MTBFM.CO.ID – Mulai 1 Januari 2020, pemerintah memastikan kenaikan iuran program Jaminan Kesehatan Nasional (JKN) BPJS Kesehatan. Meskipun kebijakan ini menuai banyak kritik dari berbagai lapisan masyarakat.
Mardiasmo, Wakil Menteri Keuangan mengatakan, kenaikan iuran BPJS ini untuk peserta kelas I dan II atau peserta non Penerima Bantuan (PBI) pemerintah pusat dan daerah.
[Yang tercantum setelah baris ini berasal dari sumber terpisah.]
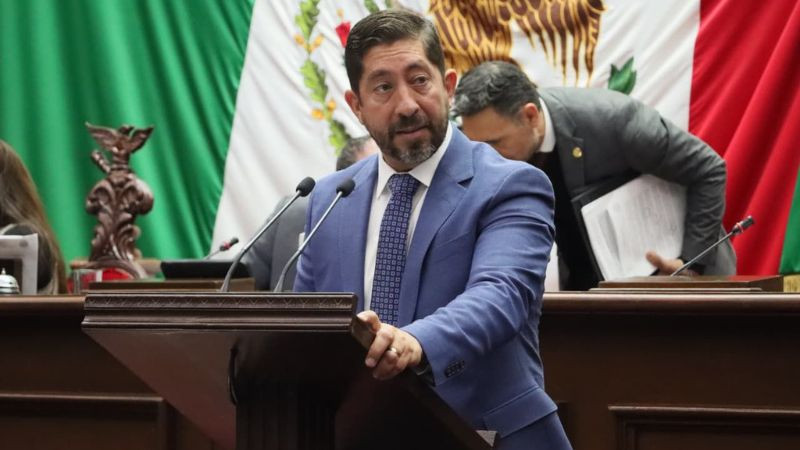 Abraham Espinoza presenta iniciativa pro adopción para mayores de edad en Michoacán 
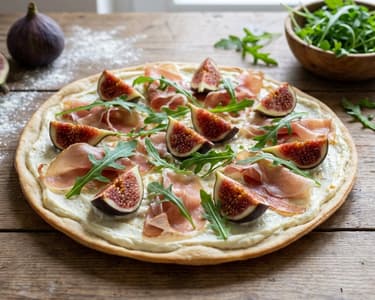 Flammkuchen with fresh figs and prosciutto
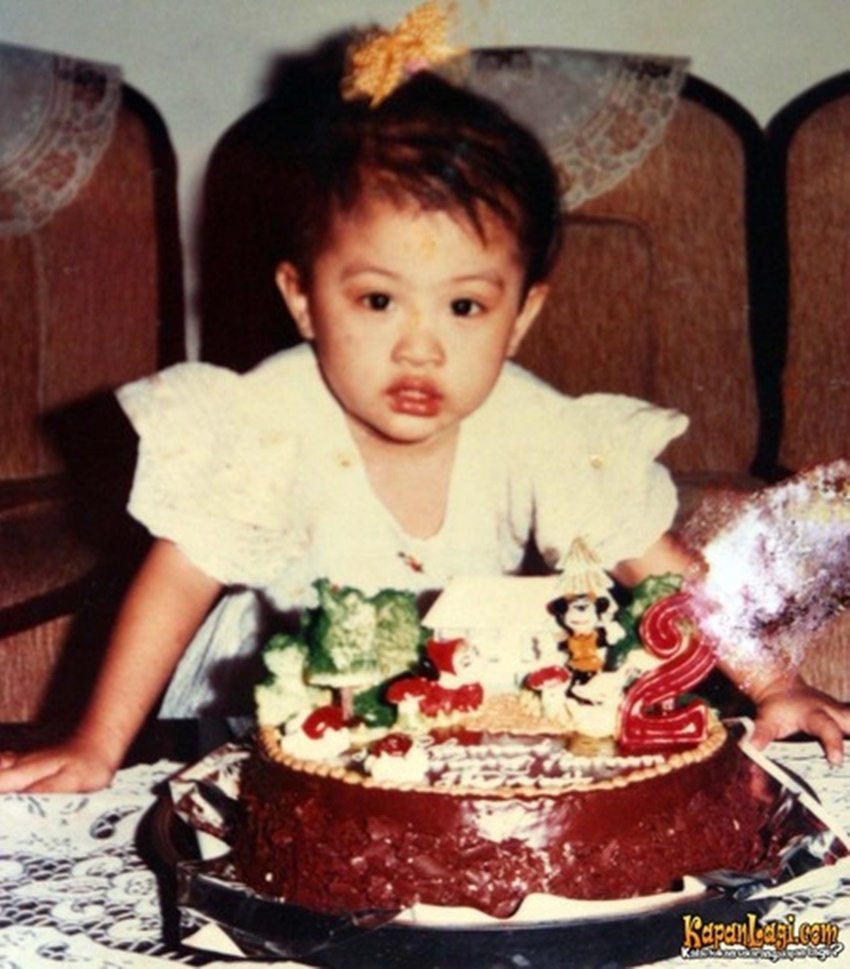 Dulu pernah jualan baju anak di pasar, bocah ini gedenya sukses jadi artis dan dinikahi konglomerat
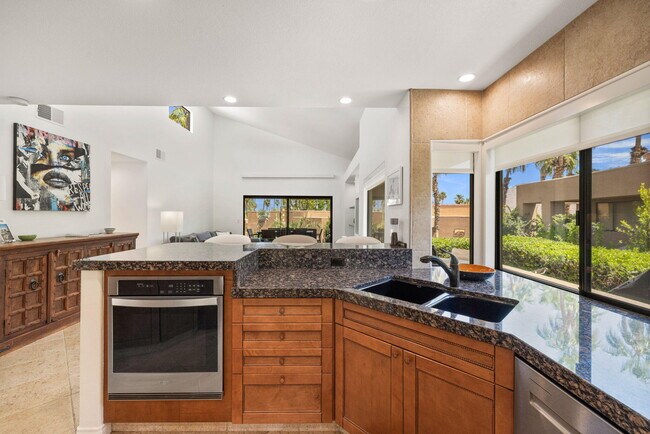 Building Photo - 73416 Mariposa Dr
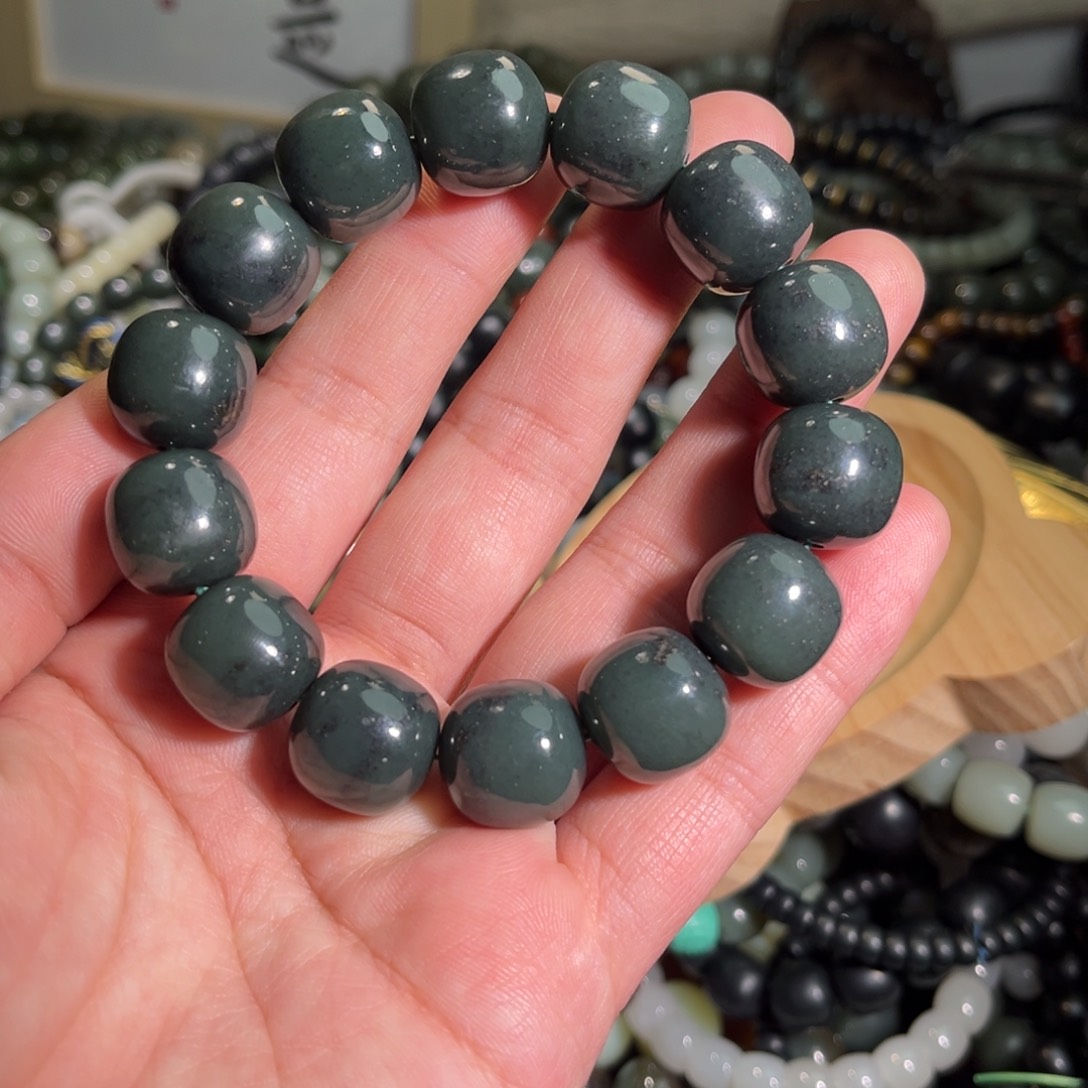 和田玉手链未镶嵌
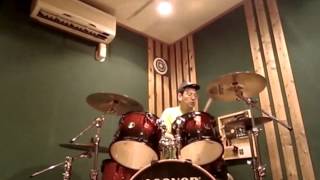 テン・イヤーズ・アフターの「Good Morning Little School Girl」(ドラ...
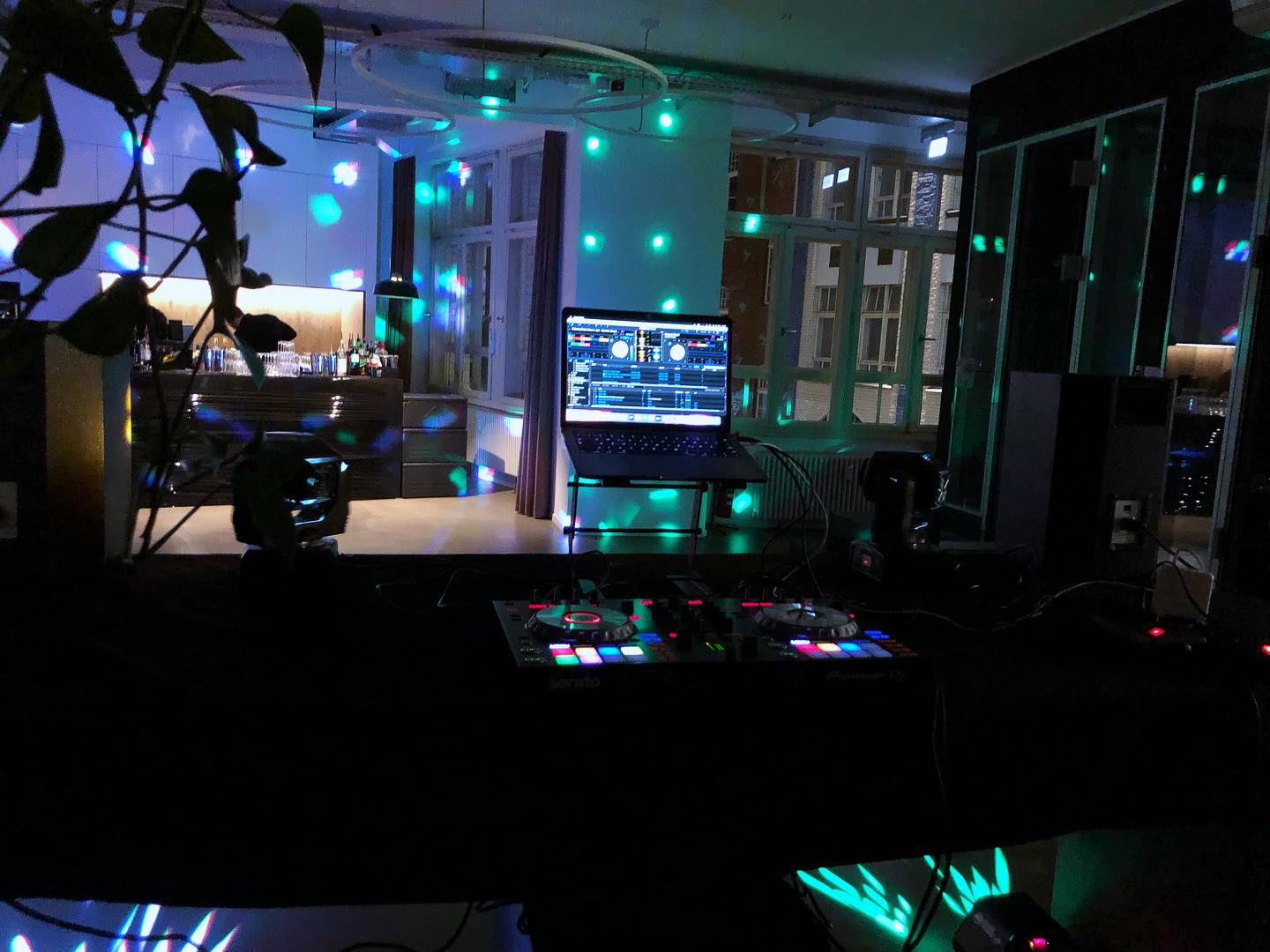 Ready to 🎉 - Corporate Event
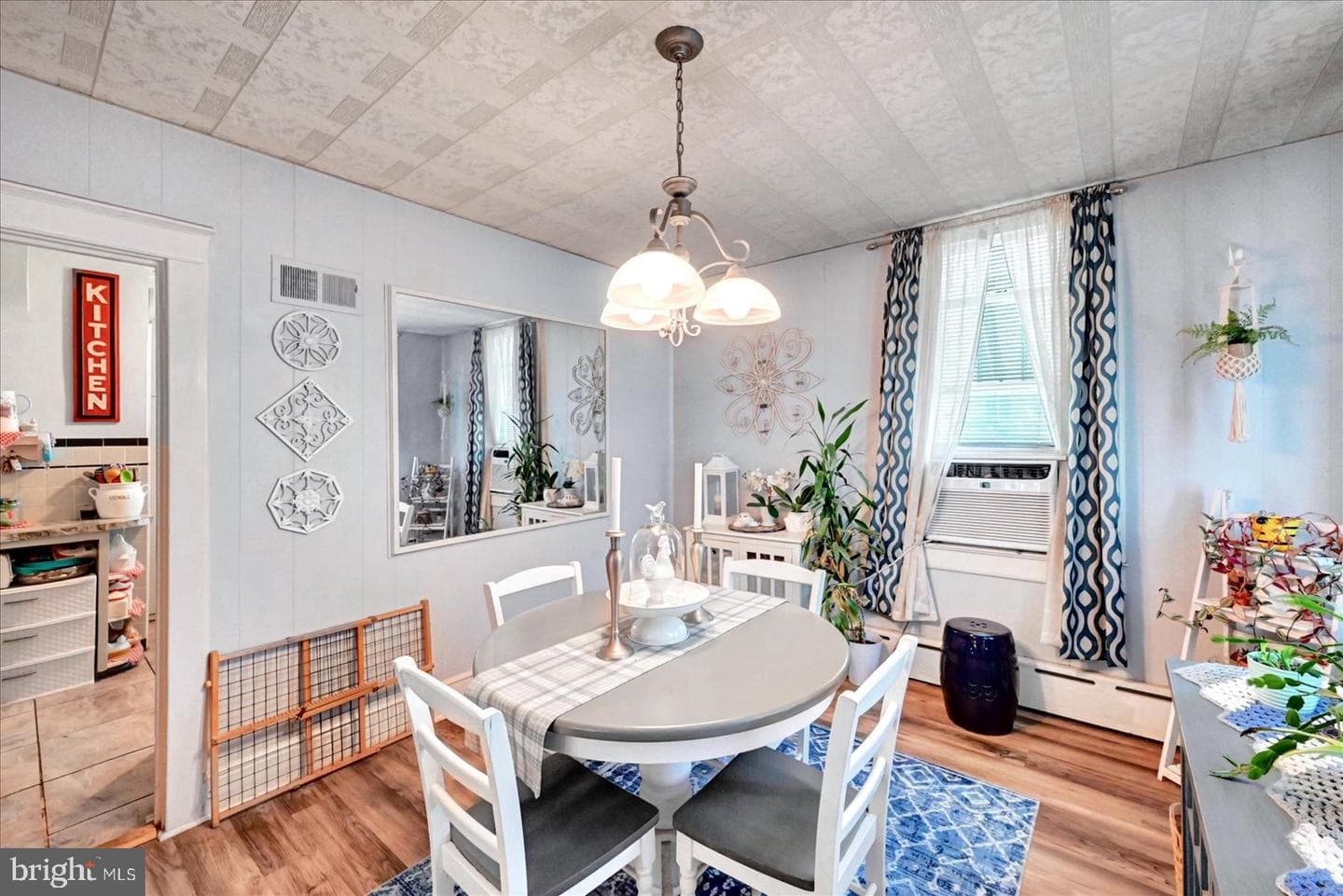 1350 W King Street photo 6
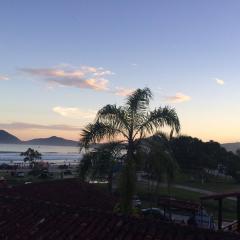 Apto com Sacada e Vista Mar a Passos da Praia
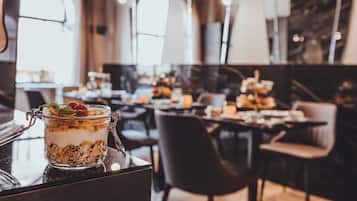 每日供應歐陸早餐 (每人 EUR12)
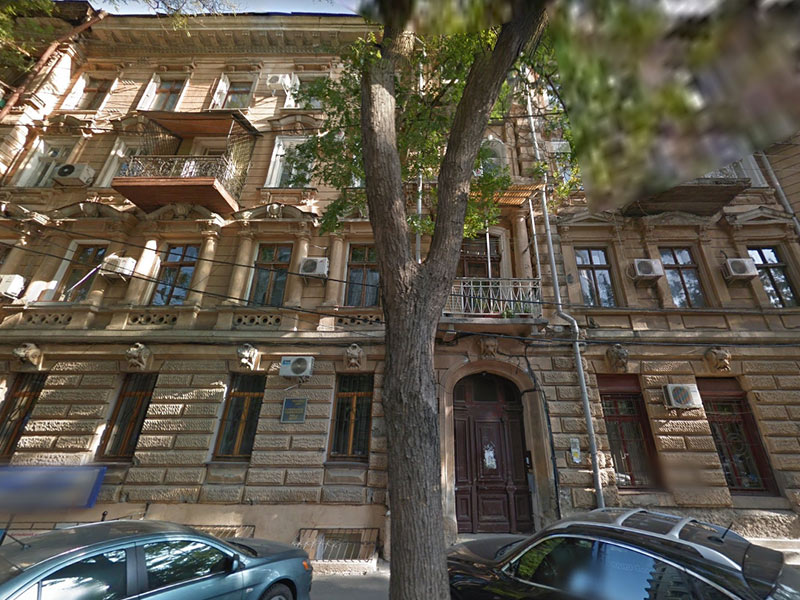 A luxurious 4-room apartment in the center of Odessa
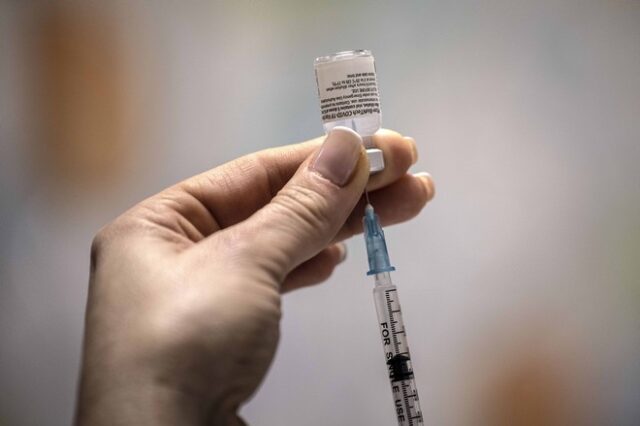 Αναβλήθηκε χωρίς εξηγήσεις ο εμβολιασμός των υγειονομικών στο Νοσοκομείο του Βόλου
Saat ini sudah tercatat jumlah peserta BPJS Kesehatan sebanyak 223,3 juta jiwa dengan 82,9 juta yang diantaranya peserta non PBI.
Sri Mulyani Menteri Keuangan telah mengusulkan kenaikan iuran sebesar dua kali lipat, artinya peserta JKN kelas I yang tadinya hanya membayar Rp 80.000 perbulan harus membayar sebesar Rp 160.000. Untuk peserta JKN kelas II yang tadinya membayar Rp 51.000 menjadi Rp 110.000 . Sepertinya pemerintah juga mengusulkan kenaikan peserta JKN mandiri kelas III yang tadinya hanya membayar iuran sebesar Rp 25.500 dinaikan menjadi Rp 42.000 per bulan. Tetapi usulan tersebut ditolak DPR dengan alasan masih perlunya pemerintah membebani data peserta yang carut marut.
Fachmi Idris, Dirut BPJS Kesehatan mengatakan bila iuran tidak dinaikan maka defisit BPJS kesehatan akan tembus Rp 77,9 triliun pada 2024.
“Kalau kita tidak melakukan upaya-upaya policy mix artinya meningkatkan iuran kemudian kaitannya dengan bauran kebijakan maka akan terjadi defisit ini semakin lebar,” ujarnya.
Fachmi menyebutkan potensi pembengkakan defisit BPJS Kesehatan mulai Rp 39,5 triliun pada 2020, Rp 50,1 triliun pada 2021, hingga Rp 77,9 triliun pada 2024.